- [Task objective]: Work through the listing below and give again exactly the lines from the one with "DHQH Rose Gold" to the one with "Used 2023 GMC Acadia SLT image 13", both ends included. All other lines and all pictures stay out.

- [Data extracts]:
--- START ---

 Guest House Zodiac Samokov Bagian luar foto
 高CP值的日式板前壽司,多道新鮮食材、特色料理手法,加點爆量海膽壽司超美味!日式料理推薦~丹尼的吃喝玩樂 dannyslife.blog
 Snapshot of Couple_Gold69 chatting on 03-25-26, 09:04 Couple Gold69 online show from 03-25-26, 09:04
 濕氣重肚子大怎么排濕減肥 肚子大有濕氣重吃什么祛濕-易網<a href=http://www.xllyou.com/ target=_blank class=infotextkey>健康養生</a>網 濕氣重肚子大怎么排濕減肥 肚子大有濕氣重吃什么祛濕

--- END ---
--- START ---

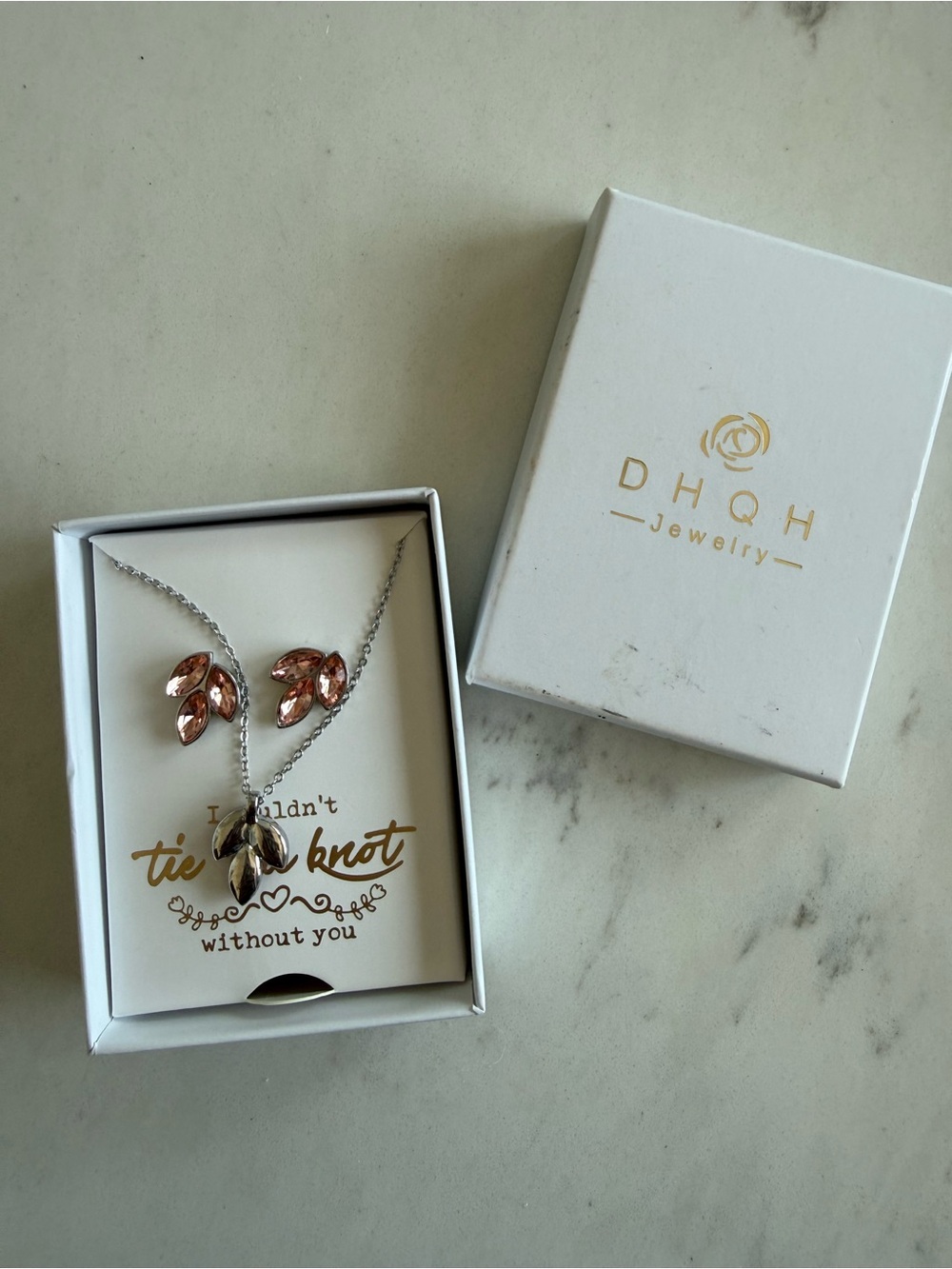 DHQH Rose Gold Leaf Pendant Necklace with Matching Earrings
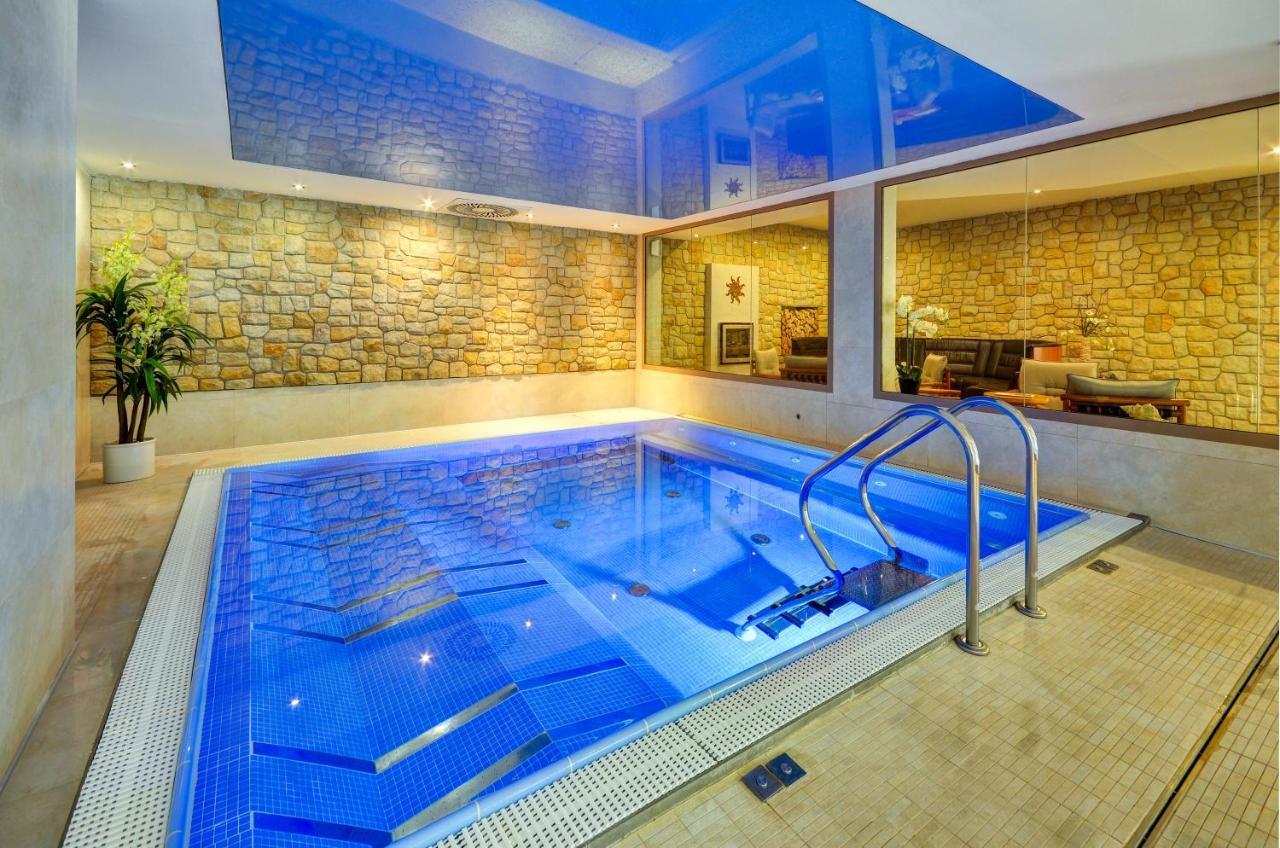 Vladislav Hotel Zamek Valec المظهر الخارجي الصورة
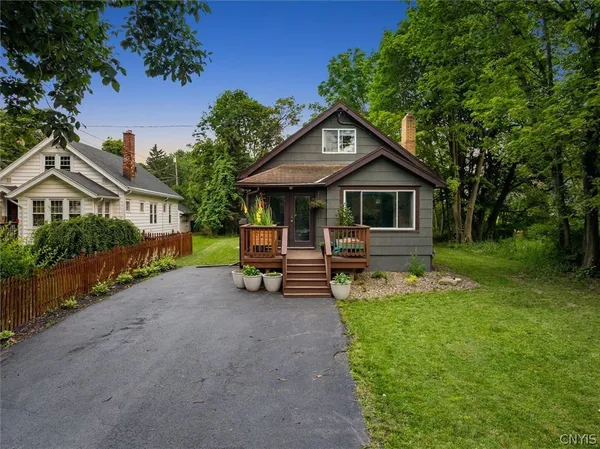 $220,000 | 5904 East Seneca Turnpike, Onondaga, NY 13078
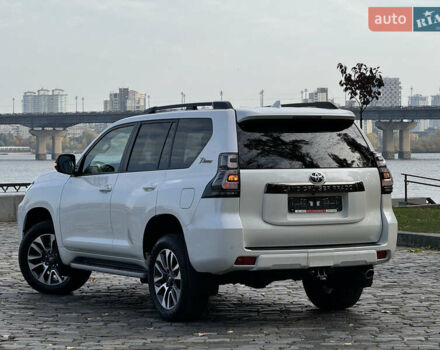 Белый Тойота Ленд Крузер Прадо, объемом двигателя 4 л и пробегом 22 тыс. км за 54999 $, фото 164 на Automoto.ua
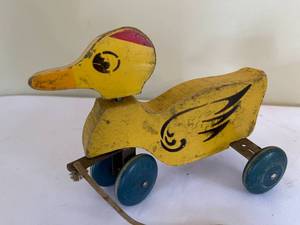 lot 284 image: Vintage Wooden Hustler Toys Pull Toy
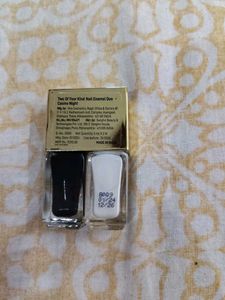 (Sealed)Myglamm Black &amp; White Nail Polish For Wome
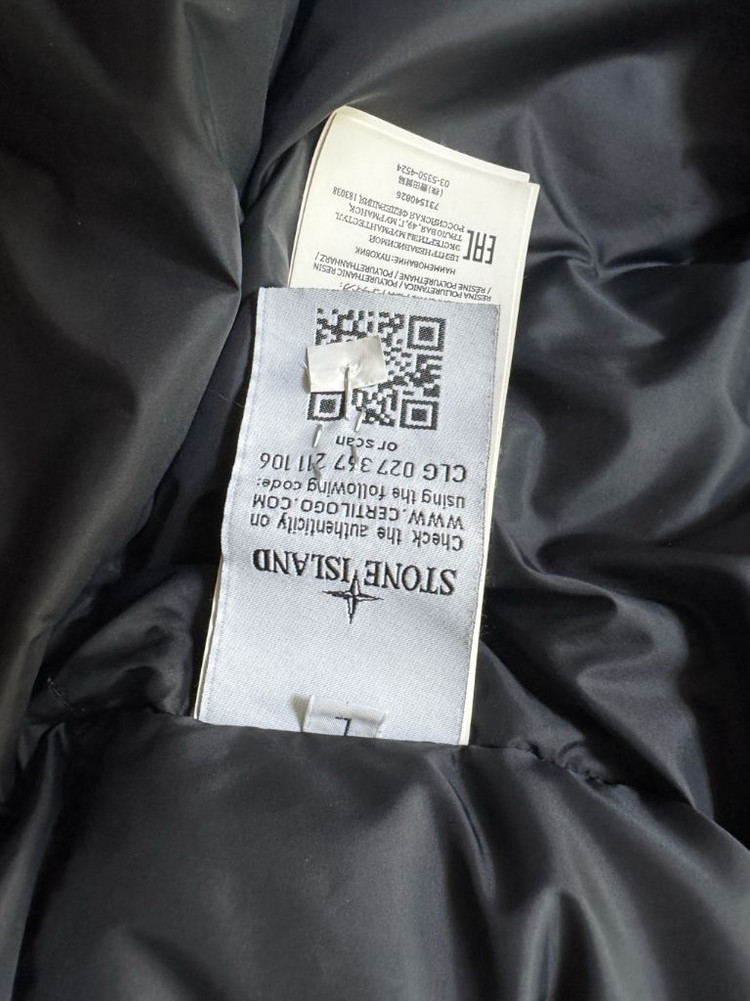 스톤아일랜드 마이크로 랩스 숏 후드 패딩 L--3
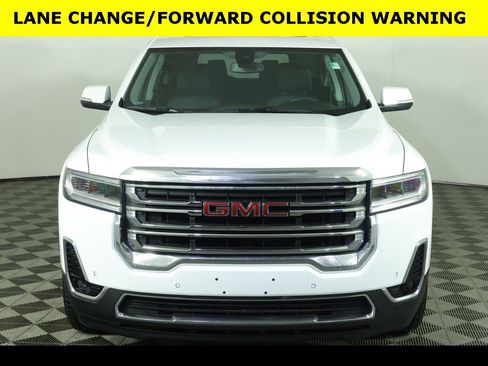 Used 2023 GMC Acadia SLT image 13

--- END ---

- [Exercise solution]:
 DHQH Rose Gold Leaf Pendant Necklace with Matching Earrings
 Vladislav Hotel Zamek Valec المظهر الخارجي الصورة
 $220,000 | 5904 East Seneca Turnpike, Onondaga, NY 13078
 Белый Тойота Ленд Крузер Прадо, объемом двигателя 4 л и пробегом 22 тыс. км за 54999 $, фото 164 на Automoto.ua
 lot 284 image: Vintage Wooden Hustler Toys Pull Toy
 (Sealed)Myglamm Black &amp; White Nail Polish For Wome
 스톤아일랜드 마이크로 랩스 숏 후드 패딩 L--3
 Used 2023 GMC Acadia SLT image 13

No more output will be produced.